→ **Data provided**
= Beginning of Section =

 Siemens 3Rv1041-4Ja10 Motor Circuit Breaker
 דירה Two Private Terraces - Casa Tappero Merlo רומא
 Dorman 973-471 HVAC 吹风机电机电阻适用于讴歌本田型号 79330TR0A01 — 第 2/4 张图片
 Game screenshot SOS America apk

= End of Section =
= Beginning of Section =

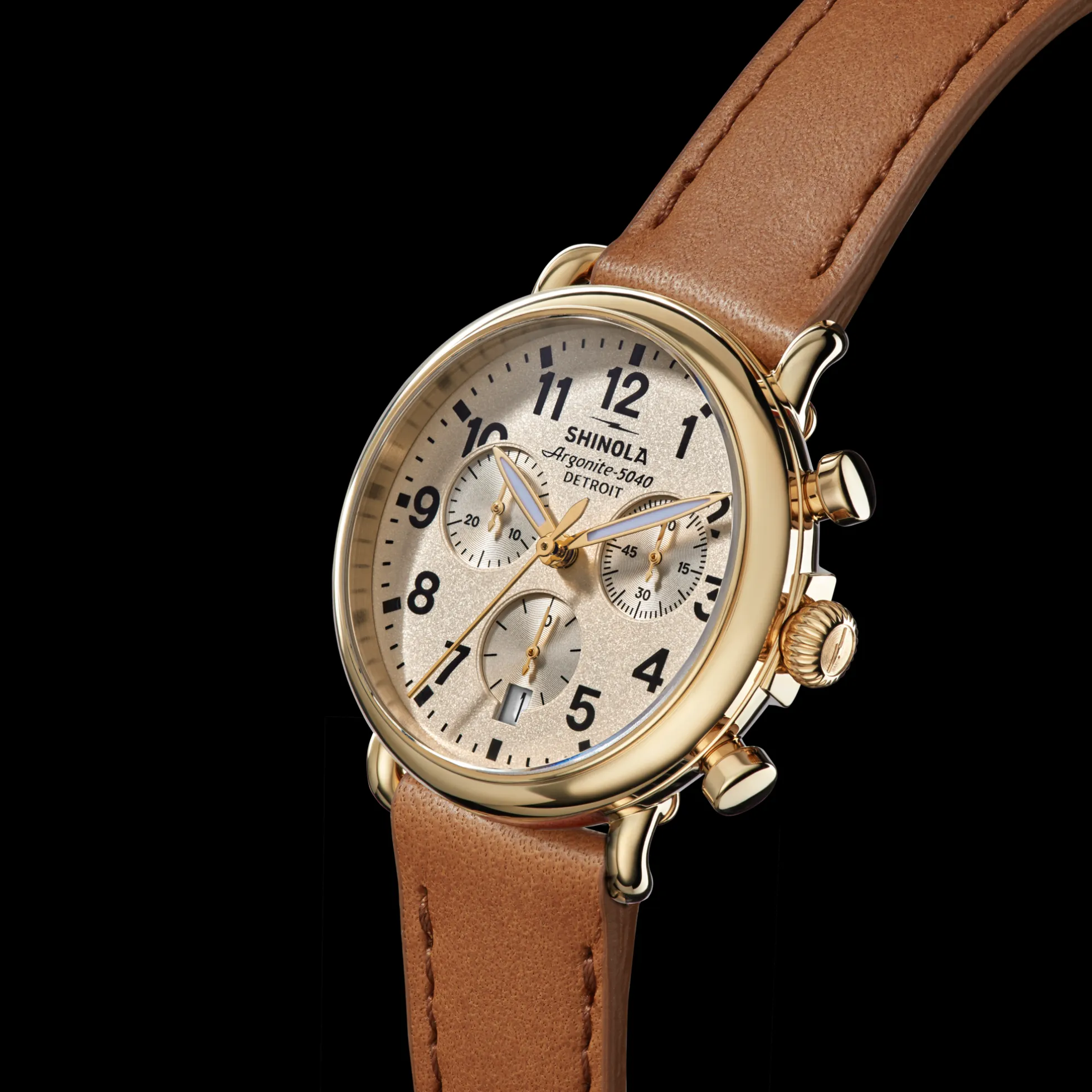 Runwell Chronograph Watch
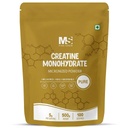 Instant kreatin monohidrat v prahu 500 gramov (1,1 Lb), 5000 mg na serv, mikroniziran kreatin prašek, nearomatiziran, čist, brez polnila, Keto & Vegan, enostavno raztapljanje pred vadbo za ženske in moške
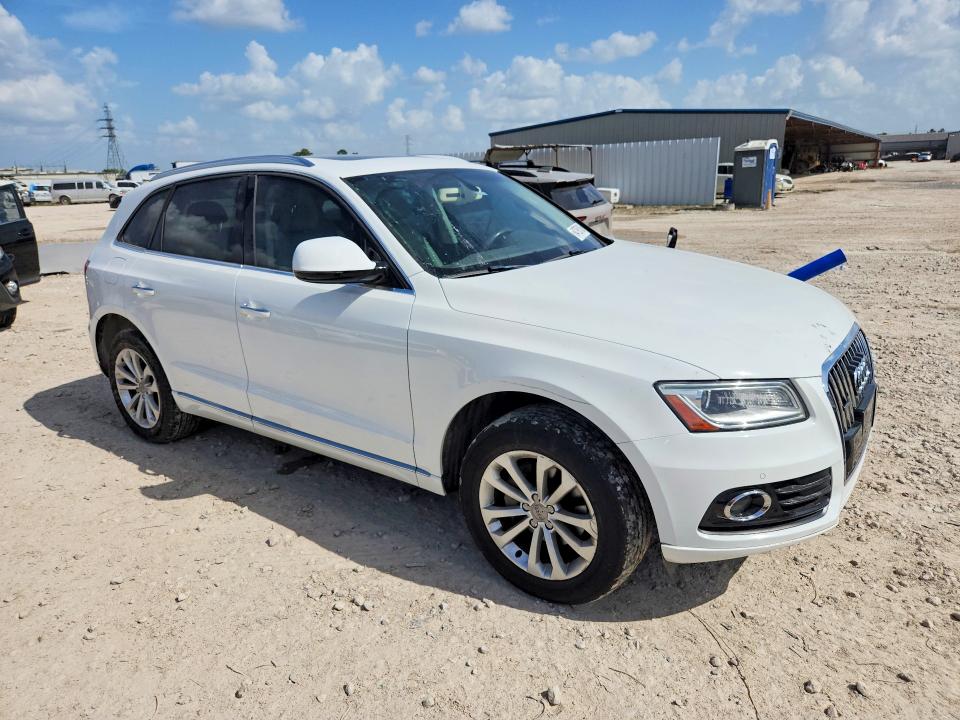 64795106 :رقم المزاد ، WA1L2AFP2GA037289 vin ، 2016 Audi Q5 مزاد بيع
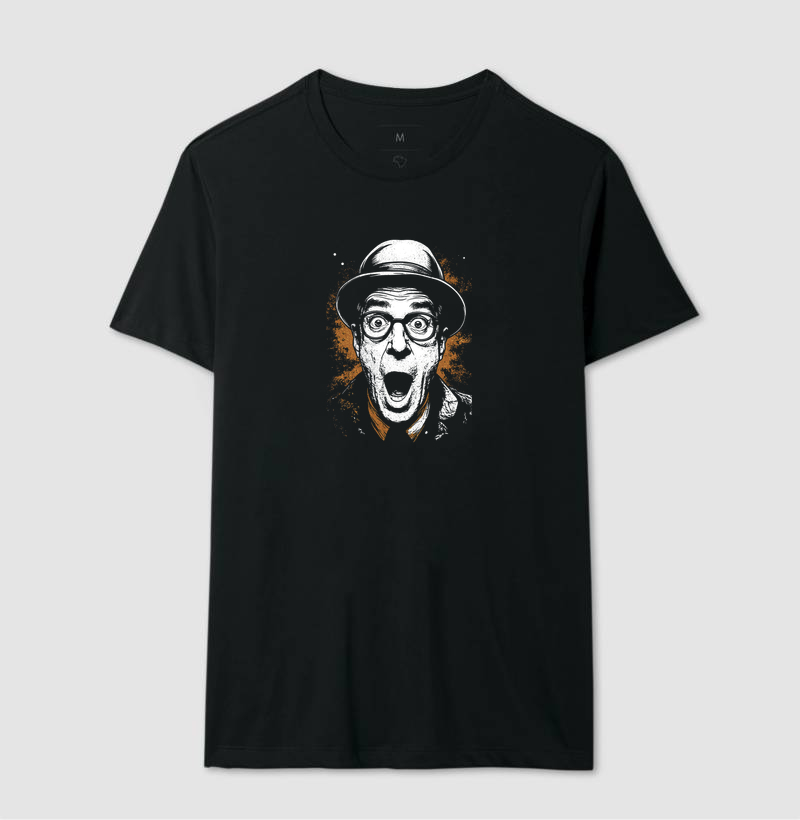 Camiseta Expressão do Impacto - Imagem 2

= End of Section =

→ **Brief**
In the listing above, find the line containing "64795106 :رقم المزاد" and the line containing "Camiseta Expressão do Impacto - Imagem 2". Reproduce those lines and all between them exactly, with no pictures and nothing more.

→ **Response**
 64795106 :رقم المزاد ، WA1L2AFP2GA037289 vin ، 2016 Audi Q5 مزاد بيع
 Camiseta Expressão do Impacto - Imagem 2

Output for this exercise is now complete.